The week at Retraction Watch featured a look at whether we have an epidemic of flawed meta-analyses, and the story of a strange case involving climate research and pseudonyms. Here’s what was happening elsewhere:
- Here’s how to use a new scientific finding to create a tabloid headline, in five easy steps. (Gretchen Vogel, Science)
- “Science is not supposed to work this way.” 50 years ago, the sugar industry paid for favorable research that shifted nutritionists’ attention away from the harmful effects of their product. (Melissa Bailey, STAT)
- Review articles: “The Black Market of Scientific Currency?” So argue Lee W. Cohnstaedt and Jesse Poland. (Annals of the Entomological Society of North America)
- These are parasitic jobs, and an unhealthy way of doing things.” As Iran has risen in science, so has a bazaar for buying theses and academic papers, reports Richard Stone in Science.
- “It’s a bit sarcastic.” But a proposal to build a monument to peer review is a bit serious as well. (Quirin Schiermeier, Nature)
- The EurekAlert! press release clearinghouse goes dark after being hacked, and our co-founder wonders whether the episode will show us a future without scientific journal embargoes. (Embargo Watch)
- “Under what circumstances could scientific misconduct constitute a civil or criminal wrong?” ask attorneys Callan Stein and Jim Kinnier-Wilson.
- “If authors are citing works from these predatory journals, do they really care about the science?” asks Gary W. Miller. Or is the entire process like the Gold Rush: sifting through data looking for anything that glitters? (Toxicological Sciences)
- “Capitalist science is the solution to socialist science’s replication process,” argues Bruce Knuteson. Isn’t money already a powerful force? (ArXiv)
- If today’s discussion over preprints sounds familiar, maybe that’s because of this suggestion from nearly 50 years ago. (Misha Angrist, Twitter)
- These are two incredibly productive researchers, courtesy of Jeffrey Beall.
- “If you open up any journal to see if you can get the data, for most articles you can’t.” Monya Baker of Nature talks to Victoria Stodden, a new “reproducibility editor” at a statistics journal.
- Medical research can’t progress if clinical trial results are suppressed, so please share, writes Anita Slomski. (Proto)
- If research is funded by the taxpayer, it should be freely available to the public, right? It’s not that simple, writes Jeffery Salmon of the U.S. Department of Energy.
- The Lancet and The BMJ are “at war over statins.” (Larry Husten, CardioBrief)

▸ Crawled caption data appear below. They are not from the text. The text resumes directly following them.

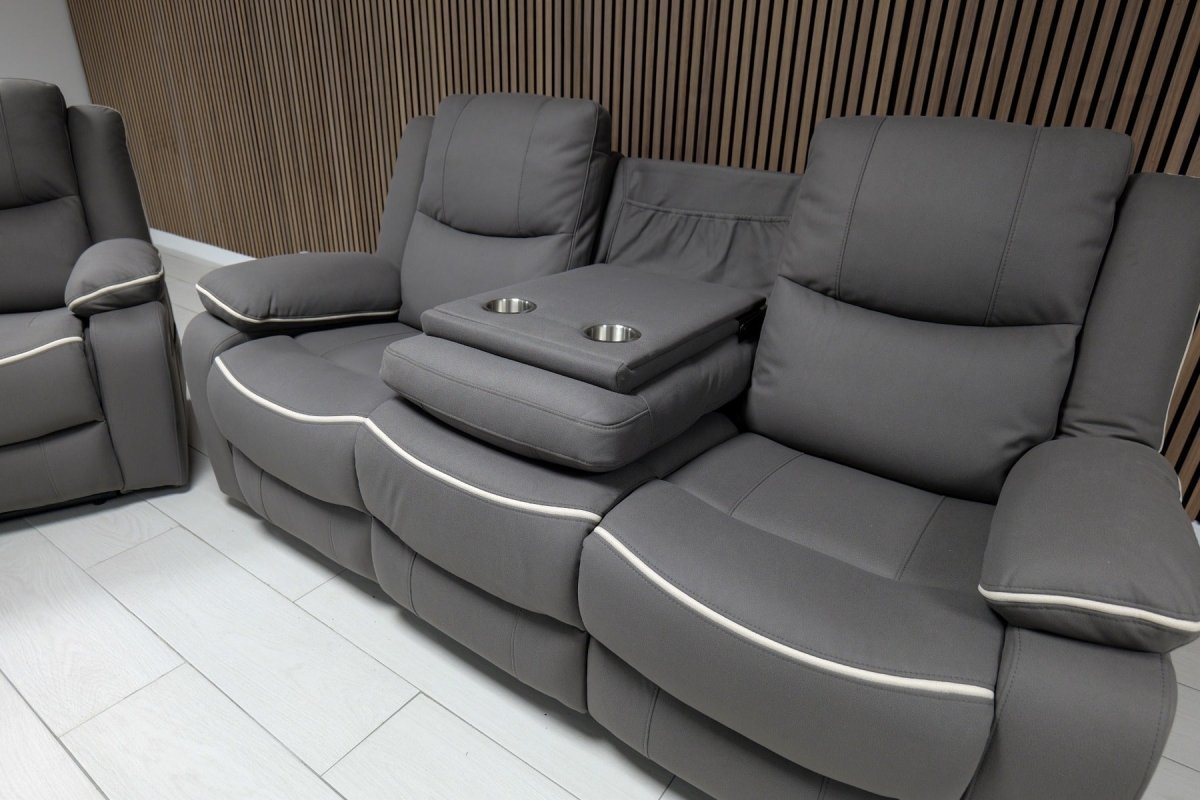 Chloe Leather Sofa Suite Manual Recliner - Comfort Furniture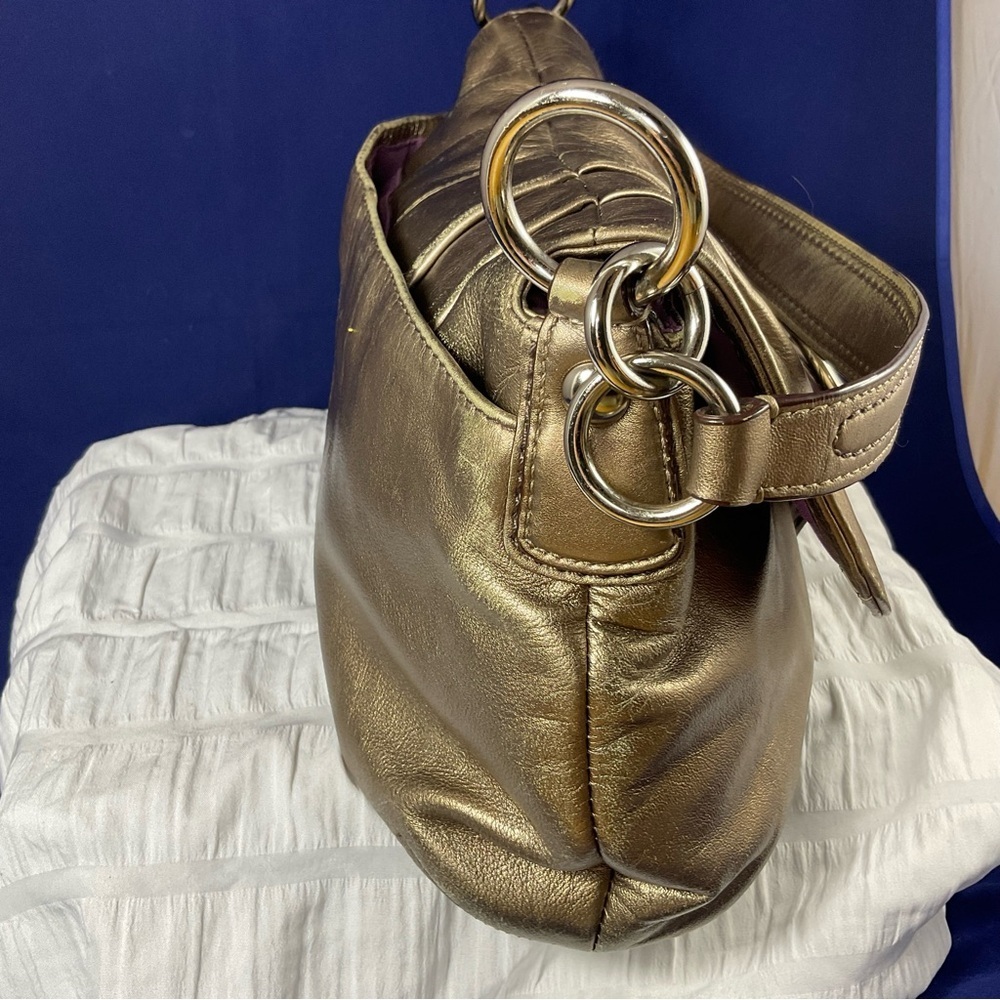 Coach Metallic Leather Hobo Shoulder Bag | Gold Bronz - Picture 7 of 16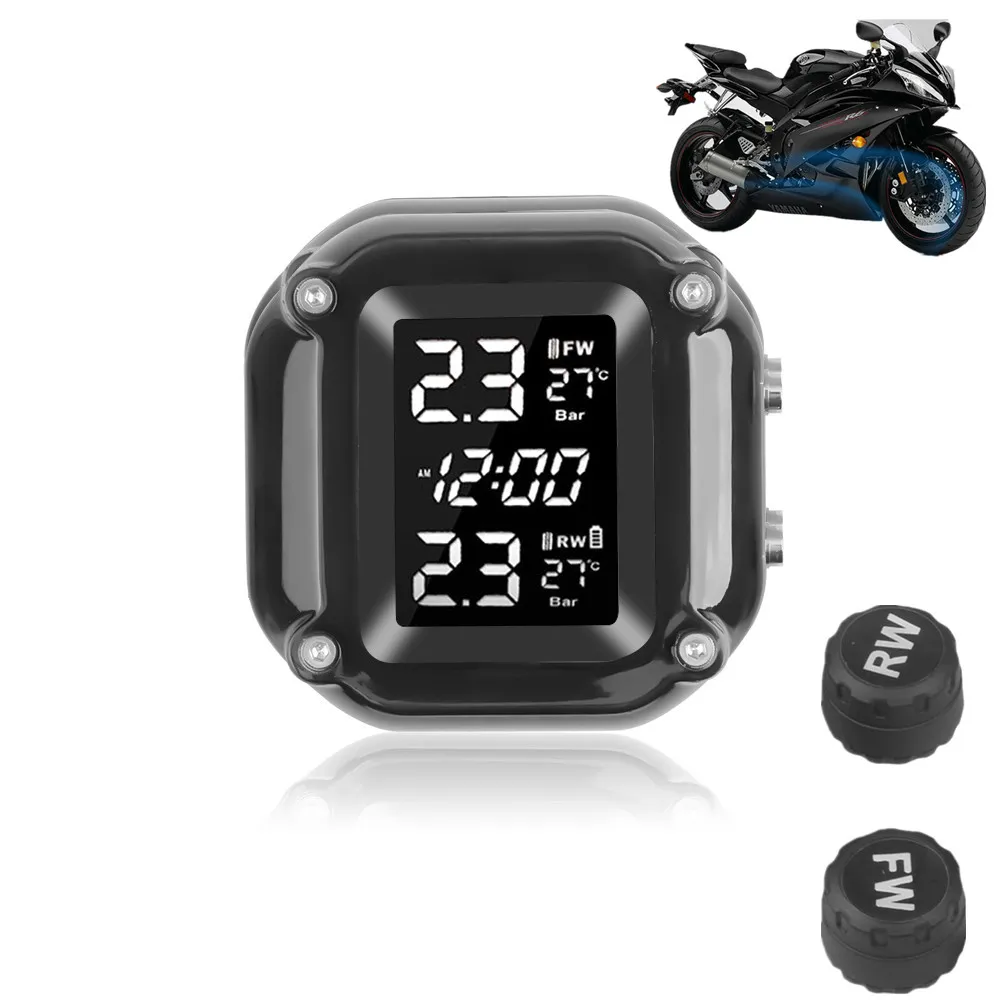 

Motorcycle TPMS Motor Tire Pressure Tyre Temperature Monitoring Alarm System With 2 External Sensors Magnetic USB Quick Charging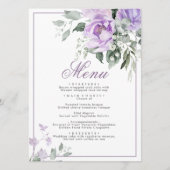 Eucalyptus Violet Bloemen Trouwmenu 5x7 Menu (Voorkant)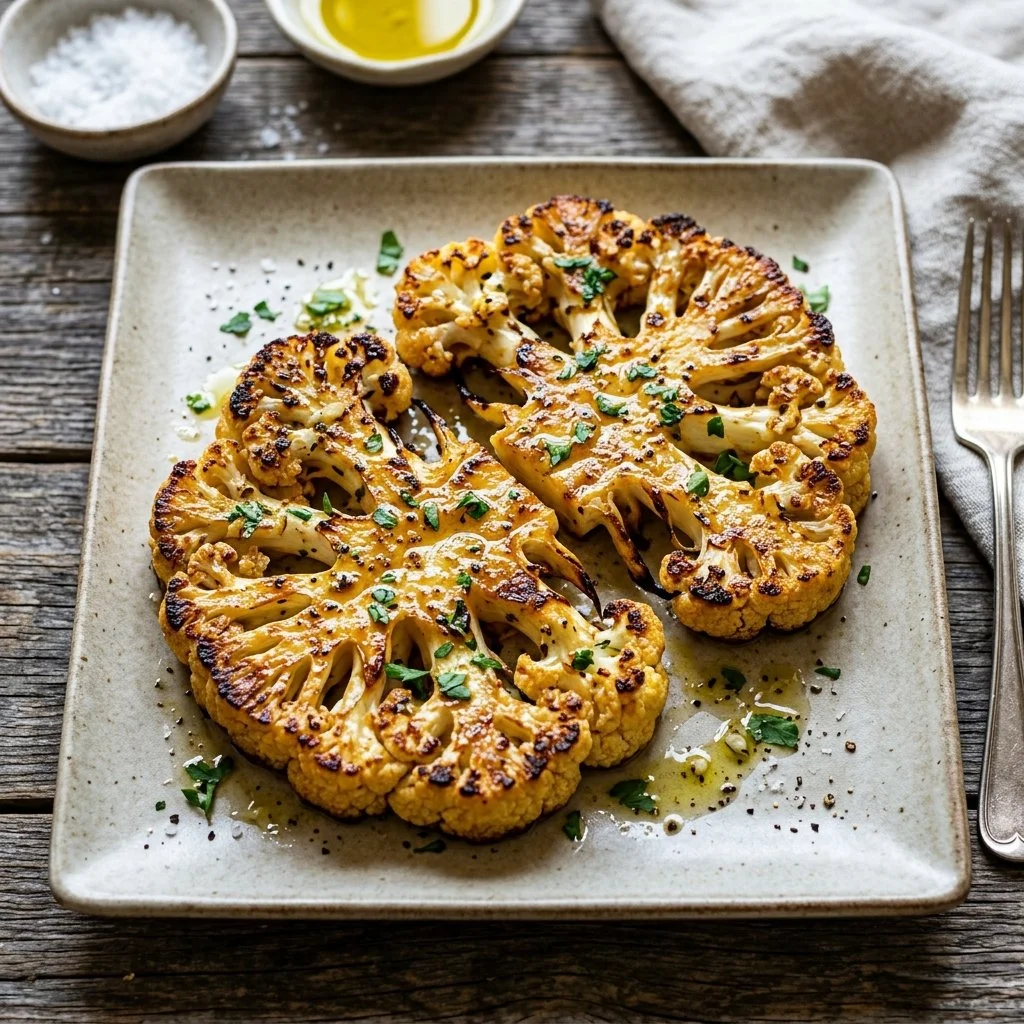 Roasted cauliflower steaks seasoned with herbs and spices on a plate.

- Confused on what exactly post-publication peer review is? Here’s a handy explanation. (Tony Ross-Hellauer, OpenAIRE)
- Maybe there should be a special data access rate for anyone calling from Retraction Watch? A bit of fun from Andrew Gelman.
- New federal U.S rules aim to improve the dismal reporting of clinical trial results, even for drugs and devices that never make it to market. (Charles Piller, STAT)

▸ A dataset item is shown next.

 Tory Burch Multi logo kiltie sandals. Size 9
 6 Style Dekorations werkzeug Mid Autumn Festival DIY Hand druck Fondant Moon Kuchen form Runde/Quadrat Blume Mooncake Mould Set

- The new editor of The Leadership Quarterly – a journal that has seen its share of retractions – wants to make some changes.
- “So be very careful when you think, “this is a good study,” says Hilda Bastian. “That’s a big trap.”

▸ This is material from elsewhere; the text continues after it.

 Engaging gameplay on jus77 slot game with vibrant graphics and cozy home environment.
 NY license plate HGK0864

- “You may not be interested in peer review,” says Andrew Gelman, “but peer review is interested in you.”
- What do you think about open peer review? OpenAIRE would like to know.
- What role does gender bias play in the peer review process? asks Emma Sayer. (Wiley Exchanges)
- Should citations be normalized across disciplines? asks John Ioannidis and colleagues.
- “As long as public engagement remains unimportant in the process of hiring, tenure, and grant funding,” says John Hawks, “the students and early career academics who are most out of touch will continue to win positions and prestige, and students who succeed at engagement and public impact will continue to seek other opportunities.”
- “How can editors and editorial boards improve the peer-review system?” Pamela Silver introduces a new series of editorials. (Freshwater Science)
- A better editorial staff could mean a better Impact Factor, say authors of an editorial in the Journal of Plastic, Reconstructive, and Aesthetic Surgery. (sub req’d)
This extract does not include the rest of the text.